I would like to share my recent experience when troubleshooting a HA issue.Be default when trying adding a new host to the existing cluster or when you reconfigure a HA on one of the existing host in the cluster HA opearing will timeout.To fix the issue eithwe we have to disable and enable the Ha on the cluster level or reconfigure HA on the master node
vpxd logs
vpxd-19.log:2017-09-26T01:17:53.673Z info vpxd[7FA6DC311700] [Originator@6876 sub=vpxLro opID=lro-53-79f246b8-02] [VpxLRO] -- BEGIN task-147951 -- svrau-esx03.jbhi-fi.local -- DasConfig.ConfigureHost --
vpxd-19.log:2017-09-26T01:17:53.673Z info vpxd[7FA6DC311700] [Originator@6876 sub=MoHost opID=lro-53-79f246b8-02] [HostMo::UpdateDasState] VC state for host host-220 (initialized -> uninitialized), FDM state (Live -> Live), src of state (null -> null)
vpxd-19.log:2017-09-26T01:17:53.965Z info vpxd[7FA6DC311700] [Originator@6876 sub=DAS opID=lro-53-79f246b8-02] [VpxdDasConfigLRO::ConfigureResources] Skipping aam RP config for ESX 6+ host
vpxd-19.log:2017-09-26T01:17:54.389Z info vpxd[7FA6DC311700] [Originator@6876 sub=HostUpgrader opID=lro-53-79f246b8-02] [VpxdHostUpgrader] Fdm on host-220 has build 5973321. Expected build is 6671409 - will upgrade
vpxd-19.log:2017-09-26T01:17:54.578Z info vpxd[7FA6DC311700] [Originator@6876 sub=HostAccess opID=lro-53-79f246b8-02] Using vpxapi.version.version11 to communicate with vpxa at host svrau-esx03.jbhi-fi.local
vpxd-19.log:2017-09-26T01:21:41.970Z warning vpxd[7FA6DC698700] [Originator@6876 sub=VpxProfiler opID=lro-53-79f246b8-02-TaskLoop-dc7c952] TaskLoop [TotalTime] took 222225 ms
vpxd-19.log:2017-09-26T01:21:42.104Z info vpxd[7FA6DC311700] [Originator@6876 sub=DAS opID=lro-53-79f246b8-02] [VpxdDasConfig::PushConfigToFDM] pushed config version 127 to host [vim.HostSystem:host-220,svrau-esx03.jbhi-fi.local] (cluster [vim.ClusterComputeResource:domain-c31,AU001_CLUSTER_GENERAL])

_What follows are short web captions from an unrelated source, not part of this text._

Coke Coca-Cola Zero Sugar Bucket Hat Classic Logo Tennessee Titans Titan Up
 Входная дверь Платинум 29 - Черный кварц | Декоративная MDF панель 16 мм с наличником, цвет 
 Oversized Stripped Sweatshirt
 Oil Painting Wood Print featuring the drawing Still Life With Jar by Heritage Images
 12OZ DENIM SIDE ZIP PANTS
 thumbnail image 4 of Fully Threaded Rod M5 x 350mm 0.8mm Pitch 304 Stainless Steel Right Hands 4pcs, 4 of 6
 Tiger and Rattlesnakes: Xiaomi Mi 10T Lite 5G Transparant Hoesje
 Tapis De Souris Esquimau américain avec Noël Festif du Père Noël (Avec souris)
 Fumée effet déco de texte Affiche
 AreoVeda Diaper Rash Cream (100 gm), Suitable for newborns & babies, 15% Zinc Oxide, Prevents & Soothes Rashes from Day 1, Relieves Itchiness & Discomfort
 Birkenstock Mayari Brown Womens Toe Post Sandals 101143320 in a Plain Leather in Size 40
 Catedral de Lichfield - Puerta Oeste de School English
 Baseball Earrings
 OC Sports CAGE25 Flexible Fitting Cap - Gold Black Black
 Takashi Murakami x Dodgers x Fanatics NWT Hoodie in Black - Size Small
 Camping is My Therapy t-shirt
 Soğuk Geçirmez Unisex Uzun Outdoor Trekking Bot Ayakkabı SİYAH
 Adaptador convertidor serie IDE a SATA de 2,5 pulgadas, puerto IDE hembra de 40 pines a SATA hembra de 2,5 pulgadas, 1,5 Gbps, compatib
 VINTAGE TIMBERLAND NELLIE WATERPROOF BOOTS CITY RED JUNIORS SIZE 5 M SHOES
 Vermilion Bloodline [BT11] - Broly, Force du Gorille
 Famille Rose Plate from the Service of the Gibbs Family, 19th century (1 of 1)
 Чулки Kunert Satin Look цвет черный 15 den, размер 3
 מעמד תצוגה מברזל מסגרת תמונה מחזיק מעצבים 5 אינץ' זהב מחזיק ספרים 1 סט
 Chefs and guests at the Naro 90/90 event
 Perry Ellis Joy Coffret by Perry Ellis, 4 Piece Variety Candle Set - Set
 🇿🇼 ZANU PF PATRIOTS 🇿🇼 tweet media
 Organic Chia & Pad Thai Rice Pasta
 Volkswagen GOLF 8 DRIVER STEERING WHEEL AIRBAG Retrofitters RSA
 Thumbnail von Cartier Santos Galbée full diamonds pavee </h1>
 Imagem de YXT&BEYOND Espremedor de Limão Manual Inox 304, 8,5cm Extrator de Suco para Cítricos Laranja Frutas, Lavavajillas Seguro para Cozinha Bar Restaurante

vpxd-19.log:2017-09-26T01:23:42.120Z error vpxd[7FA6DC311700] [Originator@6876 sub=DAS opID=lro-53-79f246b8-02] Timed out waiting for election to complete or for host to join existing master
vpxd-19.log:2017-09-26T01:23:42.120Z error vpxd[7FA6DC311700] [Originator@6876 sub=DAS opID=lro-53-79f246b8-02] EnableDAS failed on host [vim.HostSystem:host-220,svrau-esx03.jbhi-fi.local]: N3Vim5Fault8Timedout9ExceptionE(vim.fault.Timedout)
vpxd-19.log:2017-09-26T01:23:42.121Z info vpxd[7FA6DC311700] [Originator@6876 sub=MoHost opID=lro-53-79f246b8-02] [HostMo::UpdateDasState] VC state for host host-220 (initialized -> init error), FDM state (UNKNOWN_FDM_HSTATE -> UNKNOWN_FDM_HSTATE), src of state (null -> null)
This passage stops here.